= Beginning of Section =

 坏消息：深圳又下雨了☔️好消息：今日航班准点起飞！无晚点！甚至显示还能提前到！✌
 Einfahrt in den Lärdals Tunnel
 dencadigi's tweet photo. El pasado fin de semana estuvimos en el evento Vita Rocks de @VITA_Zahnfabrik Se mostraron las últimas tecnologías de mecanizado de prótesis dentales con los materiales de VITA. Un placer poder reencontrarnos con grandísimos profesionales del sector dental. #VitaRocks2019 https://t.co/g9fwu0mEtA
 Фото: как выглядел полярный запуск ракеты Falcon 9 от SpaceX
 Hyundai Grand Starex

= End of Section =
= Beginning of Section =

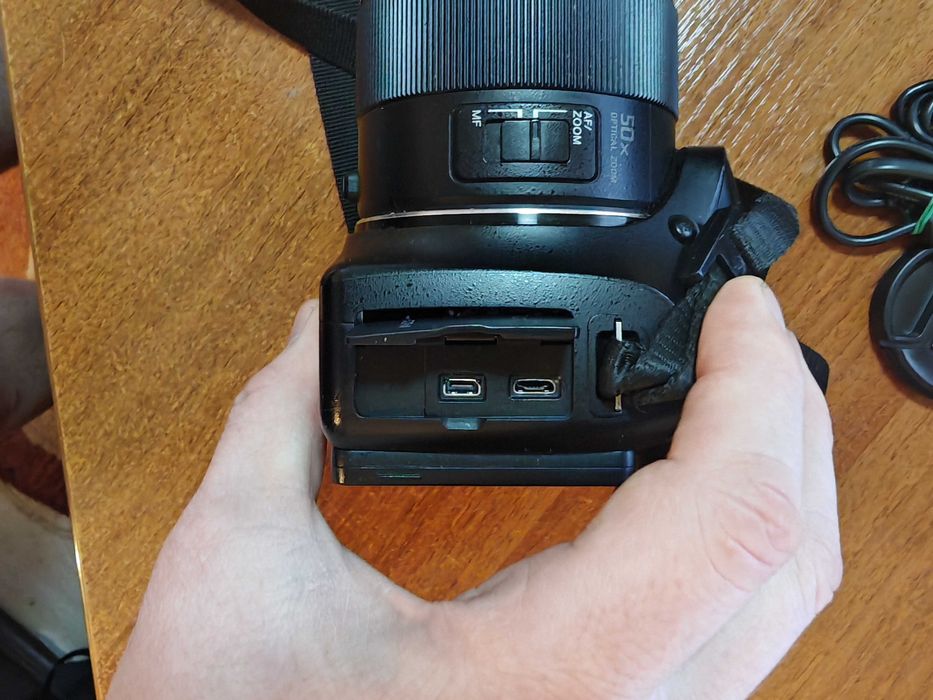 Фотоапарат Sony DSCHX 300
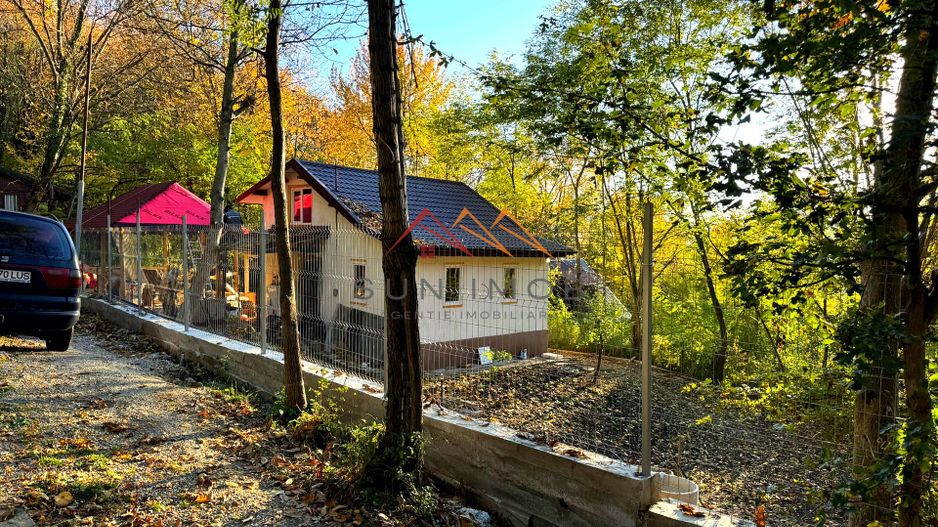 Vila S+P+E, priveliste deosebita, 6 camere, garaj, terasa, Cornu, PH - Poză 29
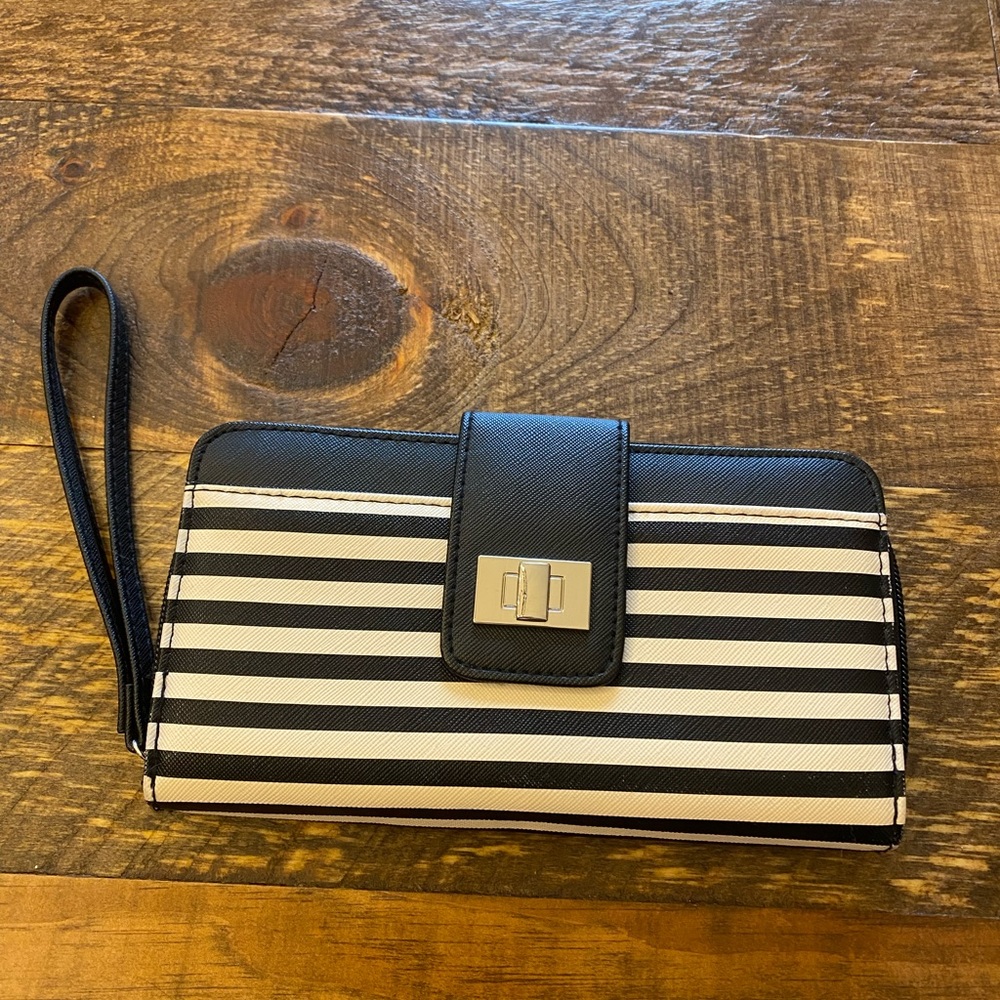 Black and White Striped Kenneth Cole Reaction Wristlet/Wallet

= End of Section =

WHAT THIS TASK INVOLVES - Repeat word for word the lines above that run from the line containing "坏消息：深圳又下雨了☔️好消" through the line containing "Hyundai Grand Starex", both ends included, and nothing else.

WRITTEN RESPONSE -
 坏消息：深圳又下雨了☔️好消息：今日航班准点起飞！无晚点！甚至显示还能提前到！✌
 Einfahrt in den Lärdals Tunnel
 dencadigi's tweet photo. El pasado fin de semana estuvimos en el evento Vita Rocks de @VITA_Zahnfabrik Se mostraron las últimas tecnologías de mecanizado de prótesis dentales con los materiales de VITA. Un placer poder reencontrarnos con grandísimos profesionales del sector dental. #VitaRocks2019 https://t.co/g9fwu0mEtA
 Фото: как выглядел полярный запуск ракеты Falcon 9 от SpaceX
 Hyundai Grand Starex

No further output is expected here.